What you are asked to do: Return only what lies between the first line of the entries and the line containing "2018 Ford Fusion Hybrid SE", both lines included.

Stored dataset items
------------------------------------------------------------------------

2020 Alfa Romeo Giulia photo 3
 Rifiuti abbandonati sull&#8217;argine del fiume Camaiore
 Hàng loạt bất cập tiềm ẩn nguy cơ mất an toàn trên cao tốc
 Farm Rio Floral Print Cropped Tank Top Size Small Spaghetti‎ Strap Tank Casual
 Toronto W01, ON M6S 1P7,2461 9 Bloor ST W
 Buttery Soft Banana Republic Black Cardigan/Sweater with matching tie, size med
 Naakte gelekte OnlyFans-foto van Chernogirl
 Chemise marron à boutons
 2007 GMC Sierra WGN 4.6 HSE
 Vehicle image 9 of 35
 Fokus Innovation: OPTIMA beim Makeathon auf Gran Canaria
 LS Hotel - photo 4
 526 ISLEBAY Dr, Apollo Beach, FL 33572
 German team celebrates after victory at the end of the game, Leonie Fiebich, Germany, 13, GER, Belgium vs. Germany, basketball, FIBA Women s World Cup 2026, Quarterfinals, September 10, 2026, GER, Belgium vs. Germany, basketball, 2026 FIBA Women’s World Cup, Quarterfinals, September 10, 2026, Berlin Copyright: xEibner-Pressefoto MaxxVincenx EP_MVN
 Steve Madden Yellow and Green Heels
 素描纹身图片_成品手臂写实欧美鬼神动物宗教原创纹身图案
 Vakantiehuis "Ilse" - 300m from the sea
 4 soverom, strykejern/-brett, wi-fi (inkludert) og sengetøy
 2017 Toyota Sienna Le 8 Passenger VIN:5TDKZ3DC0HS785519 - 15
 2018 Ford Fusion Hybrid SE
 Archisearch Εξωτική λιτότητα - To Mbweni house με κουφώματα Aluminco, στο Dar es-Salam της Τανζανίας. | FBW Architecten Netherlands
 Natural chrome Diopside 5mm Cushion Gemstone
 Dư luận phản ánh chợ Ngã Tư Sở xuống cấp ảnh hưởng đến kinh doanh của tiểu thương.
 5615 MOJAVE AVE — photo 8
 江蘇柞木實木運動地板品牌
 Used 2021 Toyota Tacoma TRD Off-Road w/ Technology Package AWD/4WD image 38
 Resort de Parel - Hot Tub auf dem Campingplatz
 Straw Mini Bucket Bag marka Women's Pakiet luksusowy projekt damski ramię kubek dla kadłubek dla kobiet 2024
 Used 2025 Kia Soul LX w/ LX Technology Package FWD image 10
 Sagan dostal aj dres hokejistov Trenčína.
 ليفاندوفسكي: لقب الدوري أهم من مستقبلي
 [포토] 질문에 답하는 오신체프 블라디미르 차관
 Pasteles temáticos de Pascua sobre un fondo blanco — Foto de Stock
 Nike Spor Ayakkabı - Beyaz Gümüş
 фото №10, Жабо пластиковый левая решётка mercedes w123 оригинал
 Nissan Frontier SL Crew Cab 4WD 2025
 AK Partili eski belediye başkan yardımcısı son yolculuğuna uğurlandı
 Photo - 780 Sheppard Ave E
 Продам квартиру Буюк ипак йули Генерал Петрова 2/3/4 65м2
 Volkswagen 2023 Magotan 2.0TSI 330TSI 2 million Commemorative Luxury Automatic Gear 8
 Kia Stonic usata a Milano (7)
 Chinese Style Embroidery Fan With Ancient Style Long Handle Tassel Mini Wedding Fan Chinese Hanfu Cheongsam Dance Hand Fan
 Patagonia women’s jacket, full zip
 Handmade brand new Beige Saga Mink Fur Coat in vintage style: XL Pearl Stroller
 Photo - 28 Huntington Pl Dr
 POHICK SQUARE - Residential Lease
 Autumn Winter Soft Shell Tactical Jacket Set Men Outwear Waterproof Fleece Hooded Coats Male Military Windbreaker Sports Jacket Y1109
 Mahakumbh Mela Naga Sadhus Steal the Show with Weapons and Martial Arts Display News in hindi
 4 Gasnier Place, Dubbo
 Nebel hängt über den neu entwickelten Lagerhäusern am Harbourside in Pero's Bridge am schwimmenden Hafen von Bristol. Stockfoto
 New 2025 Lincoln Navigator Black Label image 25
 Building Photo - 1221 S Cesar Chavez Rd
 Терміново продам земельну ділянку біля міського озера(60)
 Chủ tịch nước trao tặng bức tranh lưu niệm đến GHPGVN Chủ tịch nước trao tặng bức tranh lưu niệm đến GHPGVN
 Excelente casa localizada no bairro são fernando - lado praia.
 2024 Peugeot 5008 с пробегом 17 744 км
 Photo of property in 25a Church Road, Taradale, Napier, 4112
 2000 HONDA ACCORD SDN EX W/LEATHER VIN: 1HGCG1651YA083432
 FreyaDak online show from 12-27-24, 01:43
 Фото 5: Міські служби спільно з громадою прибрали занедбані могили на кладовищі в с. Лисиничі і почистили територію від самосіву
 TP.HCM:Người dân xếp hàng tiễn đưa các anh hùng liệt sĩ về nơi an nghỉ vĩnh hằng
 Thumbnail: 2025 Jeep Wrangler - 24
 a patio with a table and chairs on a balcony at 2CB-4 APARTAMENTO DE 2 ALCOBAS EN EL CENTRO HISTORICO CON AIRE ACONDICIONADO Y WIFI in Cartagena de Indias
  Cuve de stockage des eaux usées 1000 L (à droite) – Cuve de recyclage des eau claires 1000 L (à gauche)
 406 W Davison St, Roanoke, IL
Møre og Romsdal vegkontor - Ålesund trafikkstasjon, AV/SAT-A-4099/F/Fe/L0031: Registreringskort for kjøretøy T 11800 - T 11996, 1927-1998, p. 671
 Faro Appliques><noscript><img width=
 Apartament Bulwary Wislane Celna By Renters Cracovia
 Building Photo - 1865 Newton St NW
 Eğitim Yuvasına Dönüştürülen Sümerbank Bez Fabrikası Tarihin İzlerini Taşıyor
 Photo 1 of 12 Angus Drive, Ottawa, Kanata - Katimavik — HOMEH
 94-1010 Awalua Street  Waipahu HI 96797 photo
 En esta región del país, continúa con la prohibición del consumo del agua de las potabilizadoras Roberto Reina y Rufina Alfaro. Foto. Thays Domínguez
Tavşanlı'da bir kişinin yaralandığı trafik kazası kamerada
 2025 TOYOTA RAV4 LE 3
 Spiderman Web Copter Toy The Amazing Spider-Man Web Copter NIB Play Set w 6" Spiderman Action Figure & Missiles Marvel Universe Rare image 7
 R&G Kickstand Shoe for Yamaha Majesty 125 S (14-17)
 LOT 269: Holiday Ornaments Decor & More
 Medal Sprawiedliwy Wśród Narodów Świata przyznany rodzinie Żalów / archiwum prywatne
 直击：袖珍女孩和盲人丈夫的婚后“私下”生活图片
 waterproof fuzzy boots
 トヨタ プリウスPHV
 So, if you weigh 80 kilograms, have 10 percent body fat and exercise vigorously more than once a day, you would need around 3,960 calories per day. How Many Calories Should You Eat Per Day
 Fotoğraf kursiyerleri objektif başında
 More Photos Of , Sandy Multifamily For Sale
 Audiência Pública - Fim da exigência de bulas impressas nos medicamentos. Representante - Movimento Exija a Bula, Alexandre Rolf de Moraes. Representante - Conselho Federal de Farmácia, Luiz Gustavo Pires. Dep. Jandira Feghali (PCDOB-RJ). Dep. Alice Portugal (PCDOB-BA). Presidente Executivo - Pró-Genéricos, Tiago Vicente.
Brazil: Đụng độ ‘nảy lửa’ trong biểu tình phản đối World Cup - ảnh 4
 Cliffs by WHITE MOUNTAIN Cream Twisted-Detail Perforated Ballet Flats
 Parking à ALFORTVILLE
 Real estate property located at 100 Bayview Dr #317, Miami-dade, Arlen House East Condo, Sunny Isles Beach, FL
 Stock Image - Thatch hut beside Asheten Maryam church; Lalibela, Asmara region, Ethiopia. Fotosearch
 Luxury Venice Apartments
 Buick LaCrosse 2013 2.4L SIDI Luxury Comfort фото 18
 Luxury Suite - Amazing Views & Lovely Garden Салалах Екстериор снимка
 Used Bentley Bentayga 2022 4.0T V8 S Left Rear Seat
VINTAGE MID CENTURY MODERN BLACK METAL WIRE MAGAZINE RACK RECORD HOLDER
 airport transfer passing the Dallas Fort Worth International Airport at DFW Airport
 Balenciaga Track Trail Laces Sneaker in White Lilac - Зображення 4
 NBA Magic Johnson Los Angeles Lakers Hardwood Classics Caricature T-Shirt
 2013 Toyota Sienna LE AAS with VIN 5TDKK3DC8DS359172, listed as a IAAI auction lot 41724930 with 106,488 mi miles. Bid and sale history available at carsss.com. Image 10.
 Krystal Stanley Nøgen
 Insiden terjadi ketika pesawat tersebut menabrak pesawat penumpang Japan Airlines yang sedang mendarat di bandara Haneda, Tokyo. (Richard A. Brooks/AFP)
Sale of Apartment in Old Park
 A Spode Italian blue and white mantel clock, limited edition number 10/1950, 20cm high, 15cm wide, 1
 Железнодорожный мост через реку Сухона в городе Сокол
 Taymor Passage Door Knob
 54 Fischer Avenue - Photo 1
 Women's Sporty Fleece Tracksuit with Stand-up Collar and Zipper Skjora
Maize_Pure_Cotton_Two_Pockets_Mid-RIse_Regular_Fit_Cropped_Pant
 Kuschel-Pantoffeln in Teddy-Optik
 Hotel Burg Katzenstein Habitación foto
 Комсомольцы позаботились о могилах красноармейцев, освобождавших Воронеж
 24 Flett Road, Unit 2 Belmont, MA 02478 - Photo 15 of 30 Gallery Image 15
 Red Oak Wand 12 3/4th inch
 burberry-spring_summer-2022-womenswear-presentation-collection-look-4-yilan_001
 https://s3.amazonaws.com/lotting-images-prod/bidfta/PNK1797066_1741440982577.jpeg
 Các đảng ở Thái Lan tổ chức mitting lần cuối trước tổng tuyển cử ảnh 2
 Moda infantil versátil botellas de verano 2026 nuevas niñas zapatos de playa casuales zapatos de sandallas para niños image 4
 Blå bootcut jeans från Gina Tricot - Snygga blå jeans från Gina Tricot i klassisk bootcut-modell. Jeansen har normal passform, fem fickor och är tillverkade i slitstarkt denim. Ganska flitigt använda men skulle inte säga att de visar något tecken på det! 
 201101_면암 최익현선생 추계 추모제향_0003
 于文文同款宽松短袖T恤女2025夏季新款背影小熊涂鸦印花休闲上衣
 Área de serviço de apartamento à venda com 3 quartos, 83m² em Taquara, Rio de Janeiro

------------------------------------------------------------------------

Result:
2020 Alfa Romeo Giulia photo 3
 Rifiuti abbandonati sull&#8217;argine del fiume Camaiore
 Hàng loạt bất cập tiềm ẩn nguy cơ mất an toàn trên cao tốc
 Farm Rio Floral Print Cropped Tank Top Size Small Spaghetti‎ Strap Tank Casual
 Toronto W01, ON M6S 1P7,2461 9 Bloor ST W
 Buttery Soft Banana Republic Black Cardigan/Sweater with matching tie, size med
 Naakte gelekte OnlyFans-foto van Chernogirl
 Chemise marron à boutons
 2007 GMC Sierra WGN 4.6 HSE
 Vehicle image 9 of 35
 Fokus Innovation: OPTIMA beim Makeathon auf Gran Canaria
 LS Hotel - photo 4
 526 ISLEBAY Dr, Apollo Beach, FL 33572
 German team celebrates after victory at the end of the game, Leonie Fiebich, Germany, 13, GER, Belgium vs. Germany, basketball, FIBA Women s World Cup 2026, Quarterfinals, September 10, 2026, GER, Belgium vs. Germany, basketball, 2026 FIBA Women’s World Cup, Quarterfinals, September 10, 2026, Berlin Copyright: xEibner-Pressefoto MaxxVincenx EP_MVN
 Steve Madden Yellow and Green Heels
 素描纹身图片_成品手臂写实欧美鬼神动物宗教原创纹身图案
 Vakantiehuis "Ilse" - 300m from the sea
 4 soverom, strykejern/-brett, wi-fi (inkludert) og sengetøy
 2017 Toyota Sienna Le 8 Passenger VIN:5TDKZ3DC0HS785519 - 15
 2018 Ford Fusion Hybrid SE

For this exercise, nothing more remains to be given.